Always follow the money
Yves spends a fair amount of time suggesting that the effect of the Congress case elsewhere will be muted, if it has any effect all. In attempting to minimize the relevance of this case, however, what she misses is an important reality: that the defense here saw fit to mount one in the first place.
And not just a vanilla defense, either — in the Congress case, we saw what lawyers would call a “robust” defense, and a targeted and planned use of a novel legal argument, too. That the defense here saw fit to spend hundreds of thousands of dollars
on litigation over an ejectment action in a trial court in Alabama speaks volumes on its face about what the defense believed this case could have meant should it have prevailed.
Otherwise, why spend the money?
I can guarantee every reader of this column that the defense didn’t double down on this lawsuit, bringing in big name (read: expensive) experts from New York, thinking the outcome of the case would have no relevance elsewhere.
That’s only being said now, after the case didn’t go as planned, in an attempt to minimize the outcome.

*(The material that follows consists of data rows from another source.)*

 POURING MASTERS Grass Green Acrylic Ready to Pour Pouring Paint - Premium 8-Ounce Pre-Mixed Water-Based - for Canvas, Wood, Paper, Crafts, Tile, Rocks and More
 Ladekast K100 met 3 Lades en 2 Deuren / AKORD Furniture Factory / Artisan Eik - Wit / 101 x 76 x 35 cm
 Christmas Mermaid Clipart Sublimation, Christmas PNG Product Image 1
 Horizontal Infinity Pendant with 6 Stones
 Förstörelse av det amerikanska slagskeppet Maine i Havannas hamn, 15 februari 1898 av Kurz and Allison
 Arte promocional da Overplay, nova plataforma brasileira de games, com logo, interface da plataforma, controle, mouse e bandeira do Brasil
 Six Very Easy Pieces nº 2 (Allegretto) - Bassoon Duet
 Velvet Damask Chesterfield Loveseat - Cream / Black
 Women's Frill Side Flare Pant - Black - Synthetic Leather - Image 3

If I’ve learned anything over the years, it’s this: always follow the money. And that’s as true in law — perhaps even more true — as it is anywhere else.

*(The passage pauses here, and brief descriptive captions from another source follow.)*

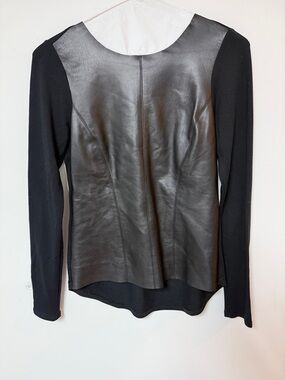 Michael Stars Black real Leather-Front Long Sleeve Top
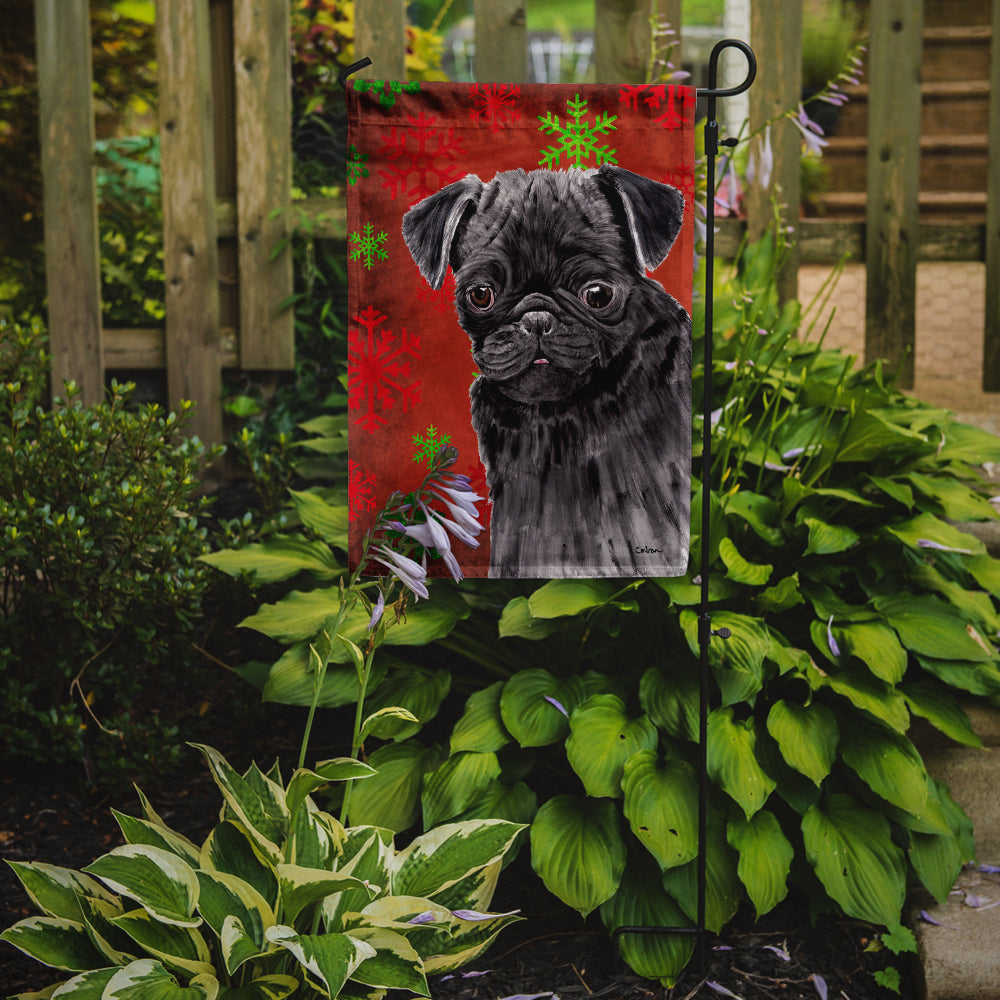 Pug Red and Green Snowflakes Holiday Christmas Flag Garden Size.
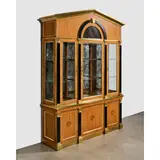 Mastercraft, Large Display Cabinet, mahogany, black granite, bronze, glass, engraved brass label 'MASTERCRAFT'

Us vs. them, and other myths
That such a novel, complex argument was brought into such a seemingly insignificant legal setting, also hints at an interesting underlying legal strategy: Someone — who, I don’t know — wanted to build a groundswell of case law in his or her favor while nobody was likely to pay attention, providing ammunition for higher-profile (read: big money) cases at a later date.
In many ways, the plight of the distressed borrower is a convenient lever to pull if — for example— you’re a buyside Wall Street firm that decided to load up with cheap nonagency mortgage-backed securities in the wake of the market's collapse, betting on a mechanism that could open the door to damage claims and settlements worth more than the securities themselves. Or maybe a mortgage insurer looking for novel ways to repudiate claims en masse.
I’m not at all suggesting that’s what went on here, but I am suggesting that people start to wake up to the reality of how Wall Street really works — because many Americans are still being played like a fiddle. There is no "us vs. them," in the end.
Morality and the accompanying emotions to that noble love of justice are simply a varnish for the fires of greed. In other words, everything is about the money, and if you can find a viable angle to make more of it than someone else. And I mean everything
The angles here have clearly gotten considerably more complex in the nonagency space after the likes of Kyle Bass made out like a bandit a few years back, with a far more straightforward play. But to that point, I know of more than a few buyside firms that took on a trade of loading up on non-agency securities during 2009 and early 2010 in the hopes of then being able to force buybacks at a profit.
That trade has nothing to do with concern for the borrower. Zero.
As a result, it would be fascinating to learn who really bankrolled the defense in this particular case. Sometimes defense attorneys will put up their own money to defend a case like this — it’s not unheard of — but it’s far from the norm.